ACTIVITY: Each line of the material must be repeated precisely, with the pictures left out.

DATA SHOWN:
::::::::::

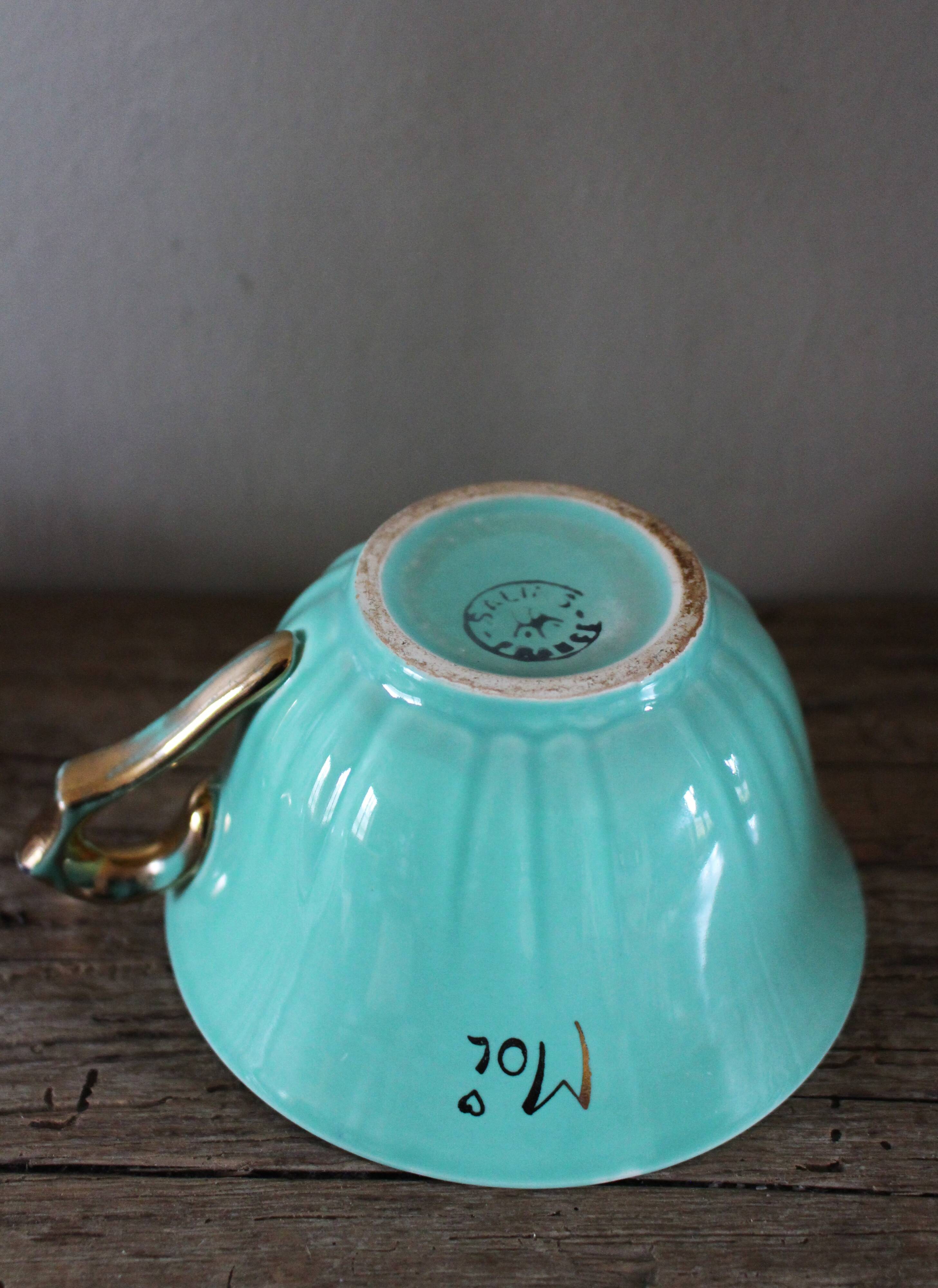 Green and gold cup from the Moi Salins collection.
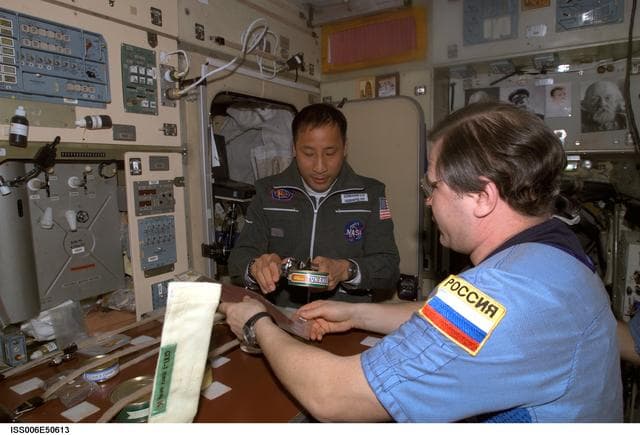 NASA image: Nikolai Budarin and Edward Lu share a meal in the SM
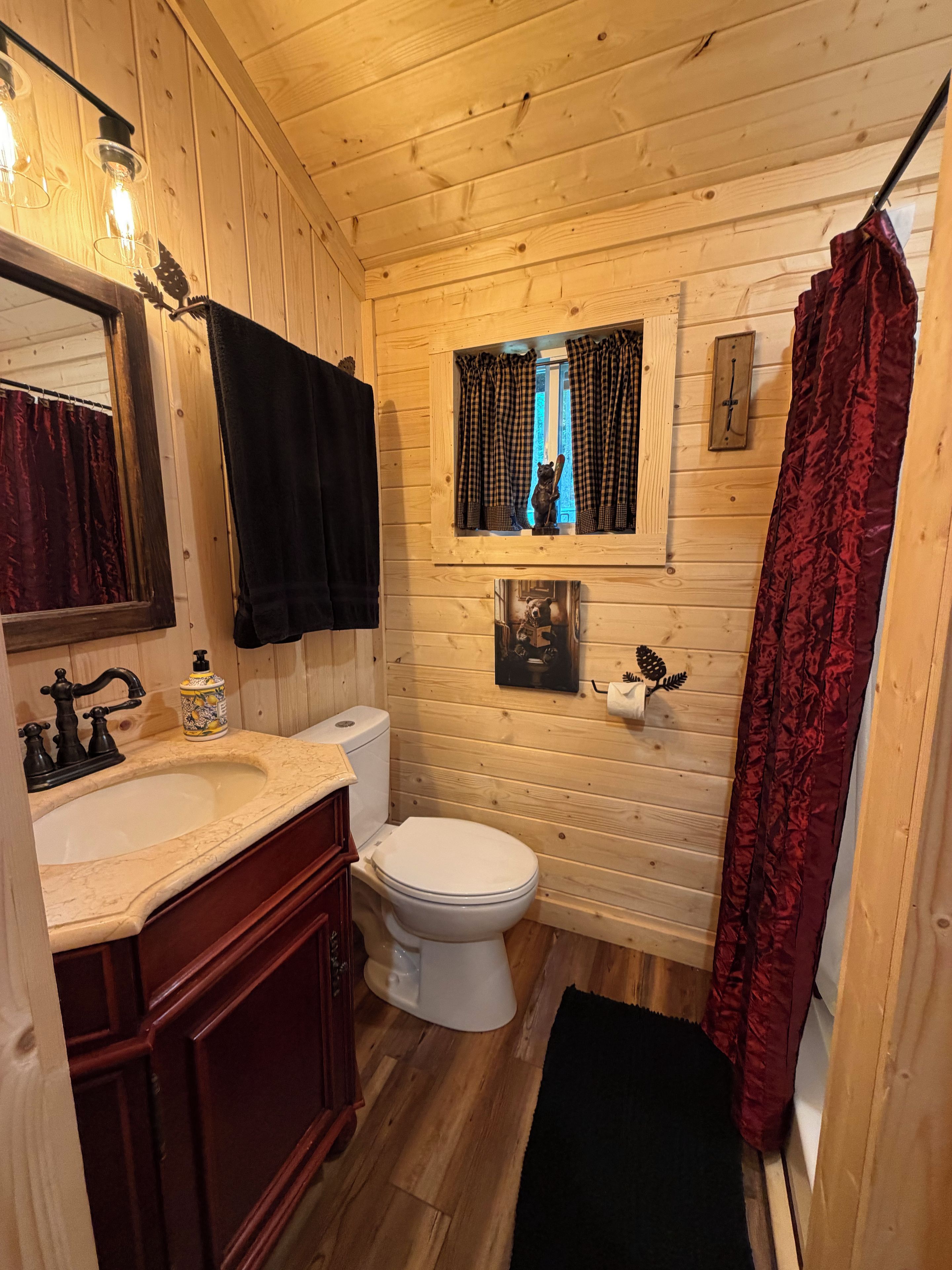 A wooden cabin bathroom with a sink, toilet, and a window with curtains.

::::::::::

WORKED SOLUTION:
 Green and gold cup from the Moi Salins collection.
 NASA image: Nikolai Budarin and Edward Lu share a meal in the SM
 A wooden cabin bathroom with a sink, toilet, and a window with curtains.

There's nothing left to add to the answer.